### Your assignment
Reproduce all of the entries character for character, while leaving out any pictures they contain.

### Data for this task
────
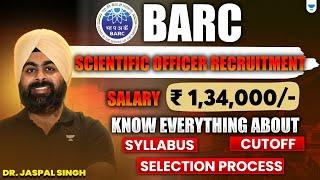 BARC Scientific Officer Recruitment| Salary - 1,34,000 | Selection Process | Syllabus Cutoff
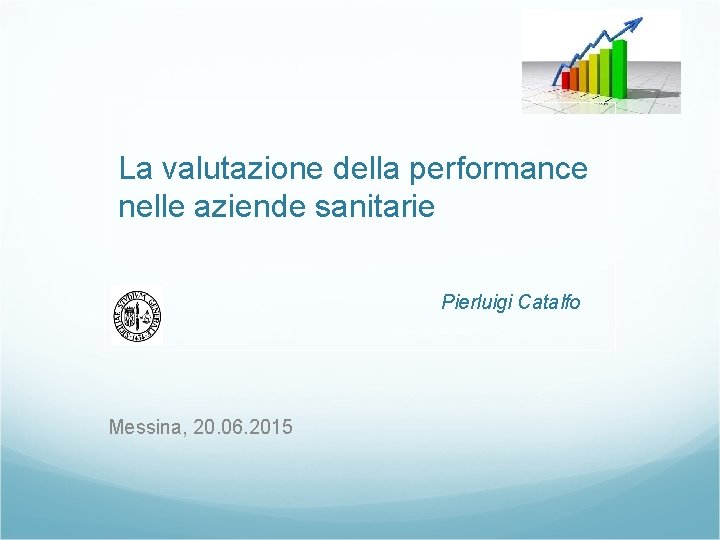 La valutazione della performance nelle aziende sanitarie Pierluigi Catalfo Messina, 20. 06. 2015 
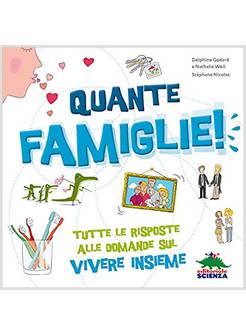QUANTE FAMIGLIE! TUTTE LE RISPOSTE ALLE DOMANDE SUL VIVERE INSIEME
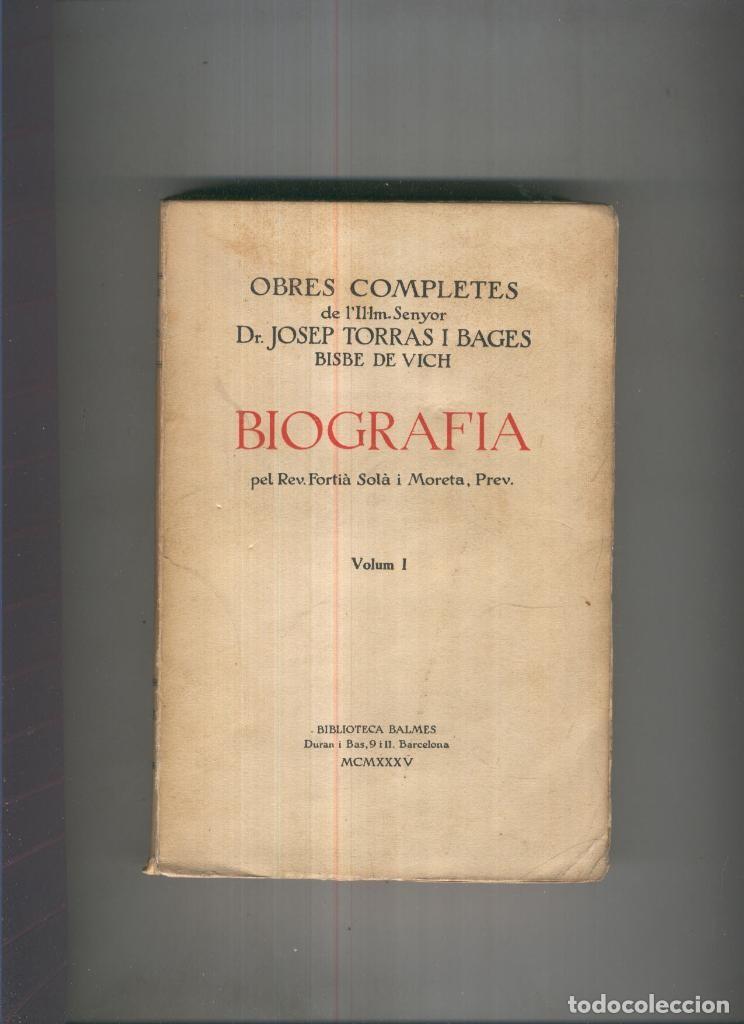 B&uuml;cher: Obres completes: Biografia Volumen I - Josep Torras i Bages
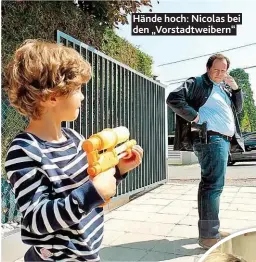  ??  ?? Hände hoch: Nicolas bei den „ Vorstadtwe­ibern“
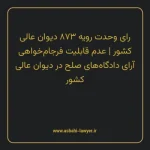 رای وحدت رویه ۸۷۳ مورخ ۱۴۰۴/۰۹/۲۵ هیات عمومی دیوان عالی کشور | عدم قابلیت فرجام خواهی آرای دادگاه های صلح در دیوان عالی کشور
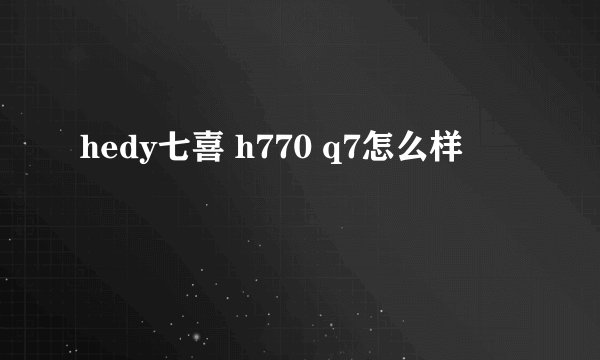 hedy七喜 h770 q7怎么样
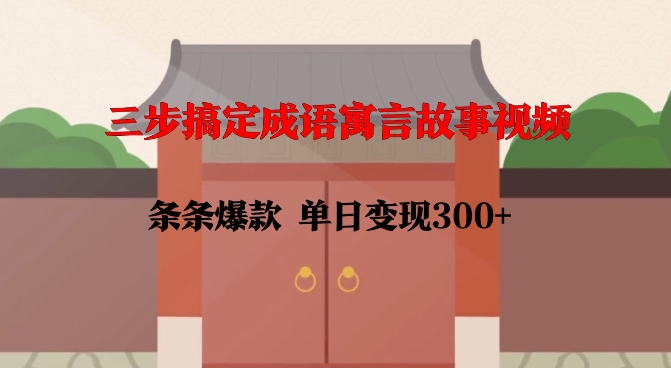 三步搞定成语寓言故事视频，条条爆款，单日变现300+-大兵轻创资源库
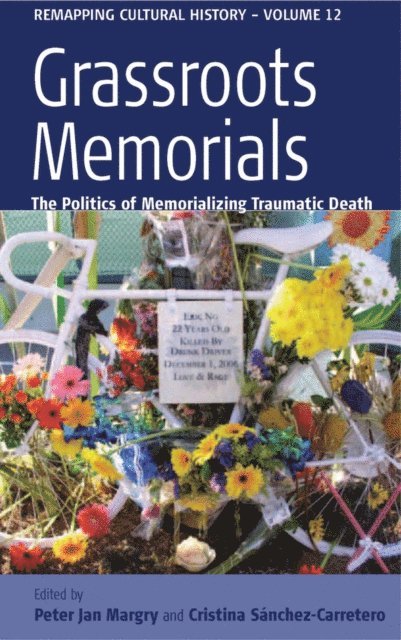 Cristina Sanchez-Carretero, Peter Jan Margry - Grassroots Memorials, E-bok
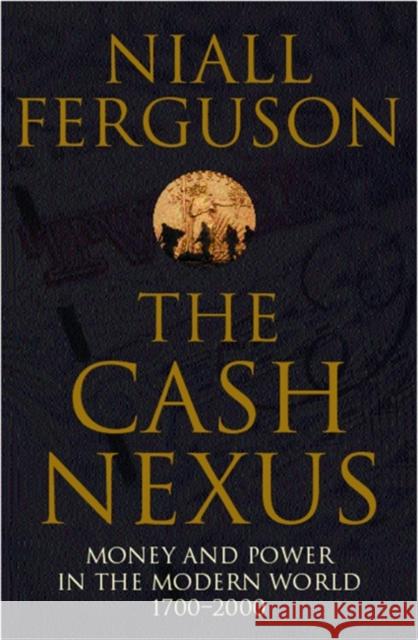 The Cash Nexus: Money and Politics in Modern History, 1700-2000 Niall Ferguson 9780140293333 Penguin Books Ltd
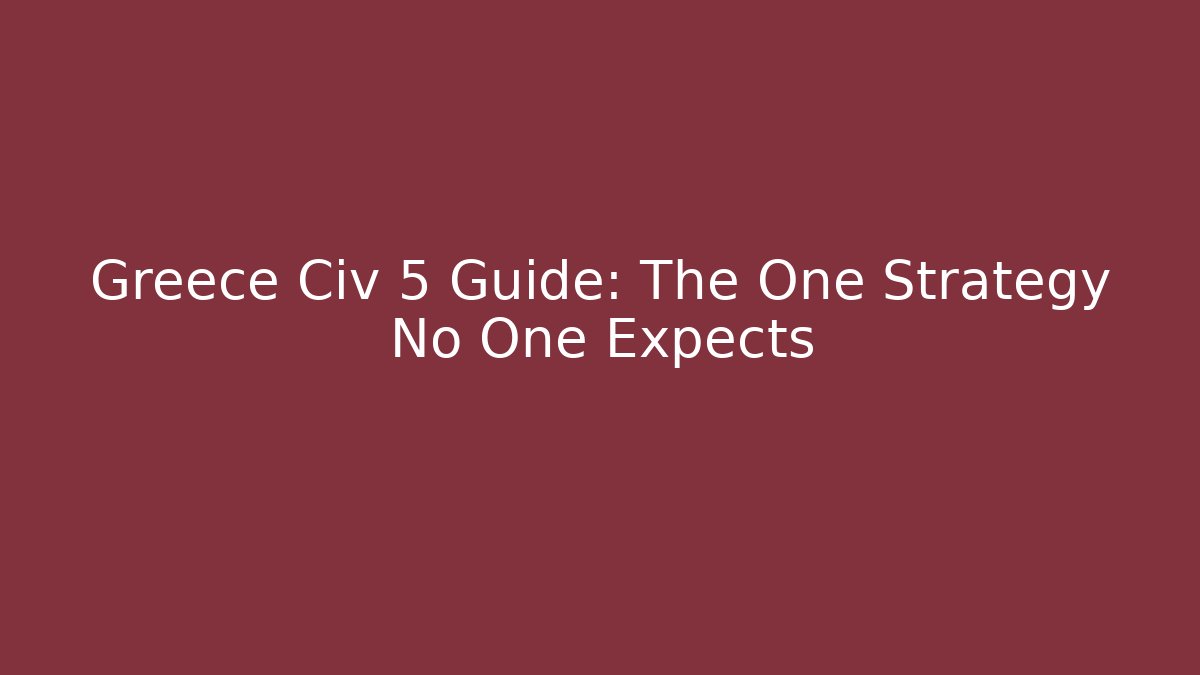 Greece Civ 5 Guide: The One Strategy No One Expects - Vintage E-Juice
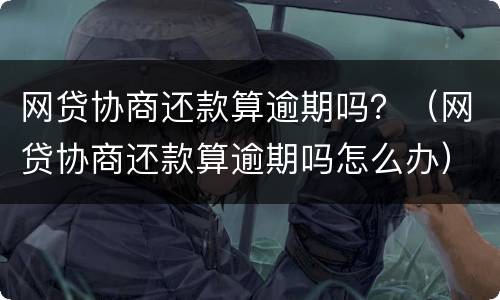 网贷协商还款算逾期吗？（网贷协商还款算逾期吗怎么办）
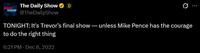 DAILY SHOW The Daily Show @TheDailyShow € TONIGHT: It's Trevor's final show-unless Mike Pence has the courage to do the right thing 6:21 PM • Dec 8, 2022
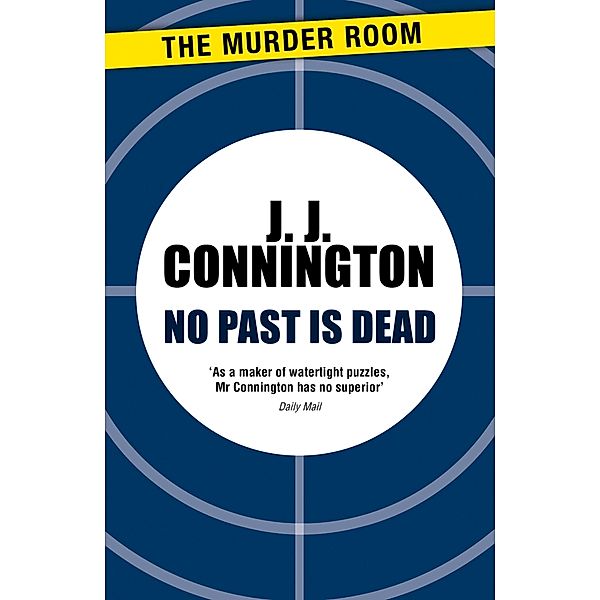 No Past Is Dead / Murder Room Bd.410, J J Connington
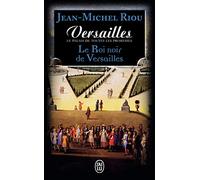 Versailles, Le Palais De Toutes Les Promesses - Tome 2 - Le Roi Noir De Versailles (1668-1670)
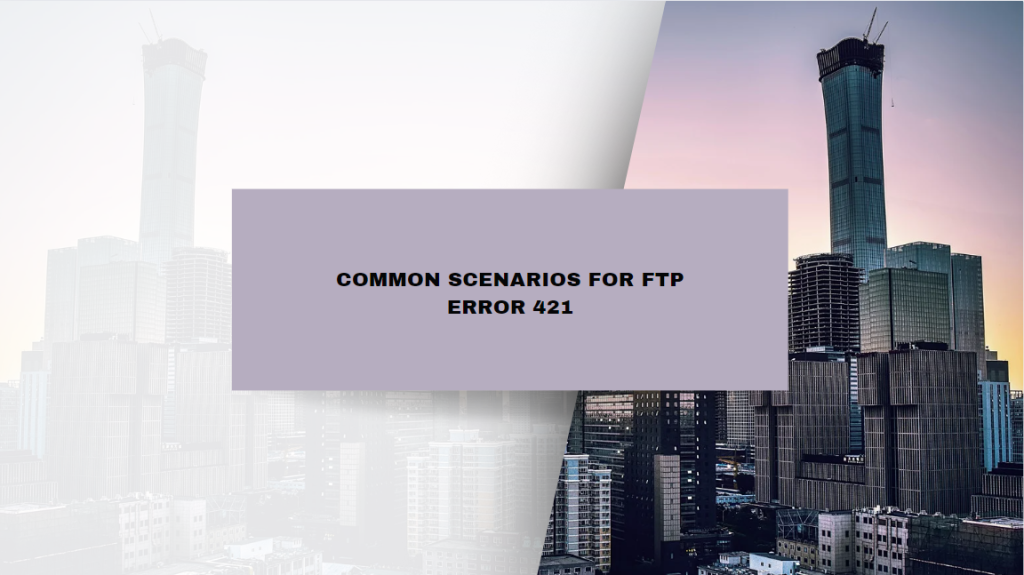 Common Scenarios for FTP Error 421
────
### Answer below
 BARC Scientific Officer Recruitment| Salary - 1,34,000 | Selection Process | Syllabus Cutoff
 La valutazione della performance nelle aziende sanitarie Pierluigi Catalfo Messina, 20. 06. 2015 
QUANTE FAMIGLIE! TUTTE LE RISPOSTE ALLE DOMANDE SUL VIVERE INSIEME
 B&uuml;cher: Obres completes: Biografia Volumen I - Josep Torras i Bages
  ??  ?? Hände hoch: Nicolas bei den „ Vorstadtwe­ibern“
 رای وحدت رویه ۸۷۳ مورخ ۱۴۰۴/۰۹/۲۵ هیات عمومی دیوان عالی کشور | عدم قابلیت فرجام خواهی آرای دادگاه های صلح در دیوان عالی کشور
 hedy七喜 h770 q7怎么样
 三步搞定成语寓言故事视频，条条爆款，单日变现300+-大兵轻创资源库
 Cristina Sanchez-Carretero, Peter Jan Margry - Grassroots Memorials, E-bok
 The Cash Nexus: Money and Politics in Modern History, 1700-2000 Niall Ferguson 9780140293333 Penguin Books Ltd
 Greece Civ 5 Guide: The One Strategy No One Expects - Vintage E-Juice
 网贷协商还款算逾期吗？（网贷协商还款算逾期吗怎么办）
 DAILY SHOW The Daily Show @TheDailyShow € TONIGHT: It's Trevor's final show-unless Mike Pence has the courage to do the right thing 6:21 PM • Dec 8, 2022
 No Past Is Dead / Murder Room Bd.410, J J Connington
 Versailles, Le Palais De Toutes Les Promesses - Tome 2 - Le Roi Noir De Versailles (1668-1670)
 Common Scenarios for FTP Error 421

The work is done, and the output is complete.